Go Set a Watchman is Harper Lee’s prequel novel to the literary classic To Kill a Mockingbird. Although the first draft manuscript of Go Set a Watchman was written prior to To Kill a Mockingbird, it took 55 years to be published.
I actually put off reading Go Set a Watchman for a week after its release because I dreaded writing this review. Unfortunately, as I feared, the first draft status of the manuscript shows and mars what might have been another classic. I also experienced mixed feelings regarding the propriety of reading the novel because I feel that at the age of 89, it is questionable just how involved Harper Lee was in the decision to publish this novel.
These qualms aside, my experience in reading Go Set a Watchman was heavily mixed. I devoured the book after purchasing it, mostly because I wanted so desperately to find out what had become of my favorite characters from To Kill a Mockingbird. Go Set a Watchman features and at least references many characters from Mockingbird, although some of their fates are highly depressing. The Radley’s are notable expectations and are not mentioned even once. I can’t help but wonder if the Radley’s were created after Go Set a Watchman was written and if Harper Lee created them specifically as a plot device for To Kill a Mockingbird. Go Set a Watchman also includes many flashback scenes to youthful and playful versions of Scout, Jem, and Dill that will delight many fans.
Unfortunately, some problems with Go Set a Watchman are simply too glaring to ignore. Rather than publish this draft as is, it would have been worthwhile to at least fix some of the obvious errors that Harper Lee certainly did not intend for any serious literary purpose. More difficult to mend, however, are the continuity errors with To Kill a Mockingbird. For example, Scout references a rape trial that sounds suspiciously like the Tom Robinson trial but declares that Atticus won an acquittal for his African-American client. Harper Lee, or someone close to her, really needed to deal with these issues before publication.
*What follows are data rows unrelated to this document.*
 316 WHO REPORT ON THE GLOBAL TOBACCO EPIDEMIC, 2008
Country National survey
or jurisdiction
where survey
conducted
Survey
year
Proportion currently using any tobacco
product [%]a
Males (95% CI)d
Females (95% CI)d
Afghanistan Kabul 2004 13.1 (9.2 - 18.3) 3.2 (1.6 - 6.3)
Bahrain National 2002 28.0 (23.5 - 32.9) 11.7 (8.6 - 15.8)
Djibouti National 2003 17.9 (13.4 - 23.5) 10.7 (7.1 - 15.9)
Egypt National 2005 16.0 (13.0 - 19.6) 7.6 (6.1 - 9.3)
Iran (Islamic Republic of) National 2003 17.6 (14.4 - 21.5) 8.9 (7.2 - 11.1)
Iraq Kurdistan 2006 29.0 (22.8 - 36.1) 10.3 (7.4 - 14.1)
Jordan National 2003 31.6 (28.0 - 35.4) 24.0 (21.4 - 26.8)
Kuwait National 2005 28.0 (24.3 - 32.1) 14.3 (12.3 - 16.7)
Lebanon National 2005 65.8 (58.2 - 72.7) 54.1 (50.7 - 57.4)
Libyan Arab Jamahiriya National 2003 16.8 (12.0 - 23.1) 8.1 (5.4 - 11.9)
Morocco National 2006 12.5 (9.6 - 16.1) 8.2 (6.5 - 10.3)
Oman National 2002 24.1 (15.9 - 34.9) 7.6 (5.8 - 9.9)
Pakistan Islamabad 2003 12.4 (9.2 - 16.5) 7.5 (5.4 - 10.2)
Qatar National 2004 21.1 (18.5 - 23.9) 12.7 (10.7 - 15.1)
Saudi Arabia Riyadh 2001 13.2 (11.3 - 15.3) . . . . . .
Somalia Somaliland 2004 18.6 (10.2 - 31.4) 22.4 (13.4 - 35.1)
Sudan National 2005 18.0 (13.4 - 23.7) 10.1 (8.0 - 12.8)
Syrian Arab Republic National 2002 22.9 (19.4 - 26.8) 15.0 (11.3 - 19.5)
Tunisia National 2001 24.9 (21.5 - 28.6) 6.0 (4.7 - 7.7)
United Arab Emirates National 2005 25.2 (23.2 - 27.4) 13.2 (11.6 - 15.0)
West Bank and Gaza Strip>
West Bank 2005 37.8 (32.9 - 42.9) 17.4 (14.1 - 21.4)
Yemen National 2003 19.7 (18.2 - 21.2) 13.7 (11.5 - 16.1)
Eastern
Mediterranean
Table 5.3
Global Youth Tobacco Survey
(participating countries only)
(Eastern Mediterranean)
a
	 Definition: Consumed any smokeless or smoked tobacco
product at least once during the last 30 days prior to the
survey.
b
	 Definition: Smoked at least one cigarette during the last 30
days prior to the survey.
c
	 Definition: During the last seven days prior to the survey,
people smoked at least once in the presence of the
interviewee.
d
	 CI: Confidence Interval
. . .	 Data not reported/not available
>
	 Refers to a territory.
Finally, the big controversy over Go Set a Watchman revolves around Atticus Finch and his attitude toward race in Go Set a Watchman versus his more altruistic and progressive stance in To Kill a Mockingbird. Oddly enough, for all of the controversy it created, I think that Atticus’ racial attitudes are the least of Go Set a Watchman‘s problems. A careful reading of the climactic argument between Atticus and Scout reveals that Atticus’ views on race are more nuanced than he is given credit for. In other words, many people are jumping to conclusions about Atticus’ “racism” without seriously reading the novel and thinking in terms of the historical situations surrounding the formation of Atticus’ viewpoints. Controversy in literature often will elicit unschooled opinions from those who are not well versed in critical reading, and Go Set a Watchman is better suited to academic analysis than the accusatory cries of “racism” from the media. Go Set a Watchman is simply misunderstood, just as To Kill a Mockingbird receives frivolous challenges because of its supposed “racism.” There really is no difference.
There can be no doubt, from a literary perspective, that To Kill a Mockingbird is the superior novel and the novel that Harper Lee truly intended to publish. Go Set a Watchman represents an earlier, and less perfect, version of Harper Lee’s vision.